Here's a way completely avoiding pipes, just using tr and the shell's way to give the length of a variable with ${#variable}:

$ cat file
123 sdf
231 (3)
huh? 564
242 wr =!
$ NUMBERS=$(tr -dc '[:digit:]' < file)
$ LETTERS=$(tr -dc '[:alpha:]' < file)
$ ALNUM=$(tr -dc '[:alnum:]' < file)
$ echo ${#NUMBERS} ${#LETTERS} ${#ALNUM}
13 8 21
Jens
  • 69,818
  • 15
  • 125
  • 179
1

To count the number of letters and numbers you can combine grep with wc:

 grep -Eo '[a-z]' myfile | wc -w
 grep -Eo '[0-9]' myfile | wc -w

With little bit of tweaking you can modify it to count numbers or alphabetic words or alphanumeric words like this,

grep -Eo '[a-z]+' myfile | wc -w
grep -Eo '[0-9]+' myfile | wc -w
grep -Eo '[[:alnum:]]+' myfile | wc -w
dnit13
  • 2,478
  • 18
  • 35
  • Terminal is showing incorrect output from first and second example, hmm? – K.Dote May 15 '16 at 21:46
  • This counts all characters for *any line with at least* one alphabetic or numeric character. – Jens May 15 '16 at 21:50
  • Make it `grep -o` for couting `mixed line 111`. – Walter A May 15 '16 at 21:53
  • The greps mentioned first fail when you have a file named `a` or `7` in the current directory.

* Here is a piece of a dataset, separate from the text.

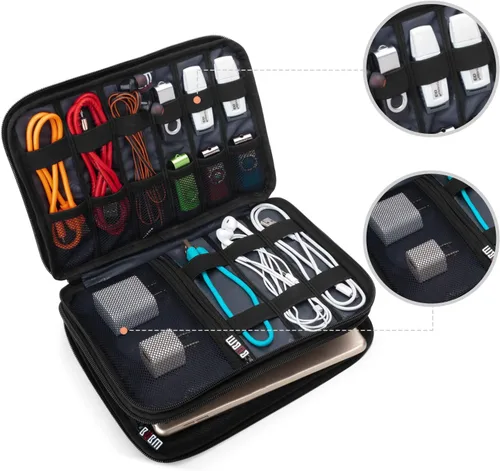 Vista 2 de Organizador de equipaje con doble capa para viajes BUBM, para llevar dispositivos y accesorios electrónicos., gris, 2 capas M Bolsa de viaje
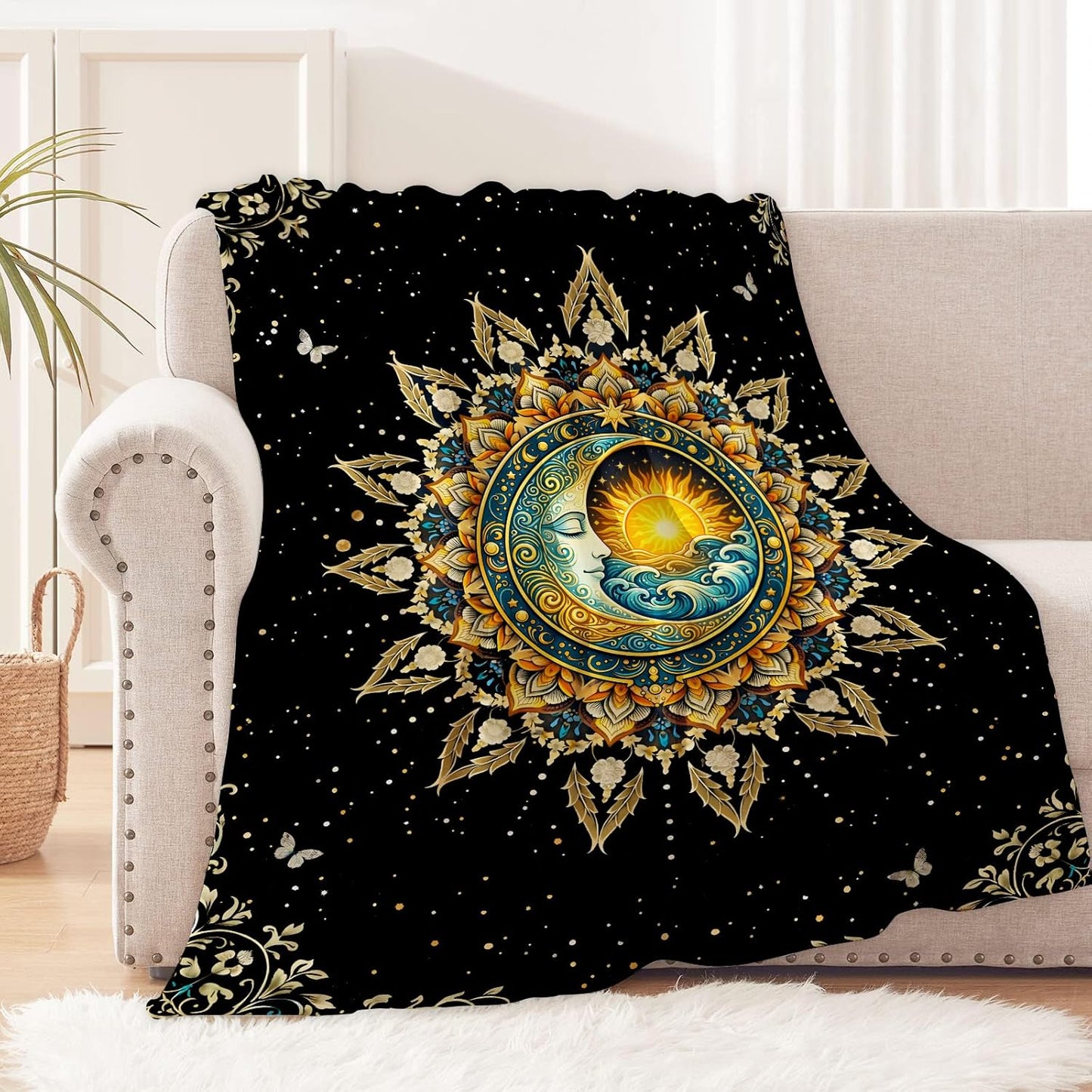 Boho Moon and Sun Blanket for Spiritual Lovers, Mandala Flannel Blankets, Mystical Aesthetic Gifts, Soft Warm Cozy Throws for Sofa Couch Bed Living Room Bedroom Home Decor 60" x 50"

Always quote shell meta-characters! – Jens Feb 03 '21 at 20:08
  • @Jens, I don't get you. I've created file `a` in a folder still both lines seem to work (I'm quoting file name). – Alex Martian Jul 25 '23 at 02:13
  • 1
    @AlexMartian The answer was edited and a plus was appended to the grep regex. Now if there is a file named `a+` an unquoted `[a-z]+` would expand to `a+`. You can test this with `touch a+; echo [a-z]+; echo '[a-z]+'`. Do you understand now why you must quote regexen? – Jens Jul 25 '23 at 18:07
  • @Jens, now I see, thank you. Interestingly `echo 'aaa abcd 123' | grep -o '[a-z]+'` produces empty with my copy of "grep (GNU grep) 3.7" though man page has info about `+` (w/out `+` works). – Alex Martian Jul 26 '23 at 04:42
  • @AlexMartian That's because + is not part of "Basic Regular Expressions (BRE)", only part of "Extended Regular Expressions (ERE)". To enable ERE, use the -E option: `echo 'aaa abcd 123' | grep -Eo '[a-z]+'` and it will output two lines with aaa and abcd. – Jens Jul 26 '23 at 13:31
  • @Jens, worth editing the answer or my grep is rather peculiar? – Alex Martian Jul 26 '23 at 13:39
  • 1
    @AlexMartian Hm. It looks like the dnit13's answer has deteriorated quite a bit when the + was added, because `wc -c` counts characters, not words as the text suggests, when it should count lines as output by `grep -Eo`. I feel uneasy to drastically change this. Dnit13 are you listening? Want to fix this? – Jens Jul 26 '23 at 13:50
  • thanks @Jens I was just a newbie when I wrote this years ago :) – dnit13 Aug 21 '23 at 15:46
0

You can use tr to preserve only alphanumeric characters by combining the the -c (complement) and -d (delete) flags. From there on, it's just a question of some piping:

$ cat myfile.txr | tr -cd [:alnum:] | wc -c
Jens
  • 69,818
  • 15
  • 125
  • 179
Mureinik
  • 297,002
  • 52
  • 306
  • 350
0

You can use sed to replace all characters that are not of the kind that you are looking for and then word count the characters of the result.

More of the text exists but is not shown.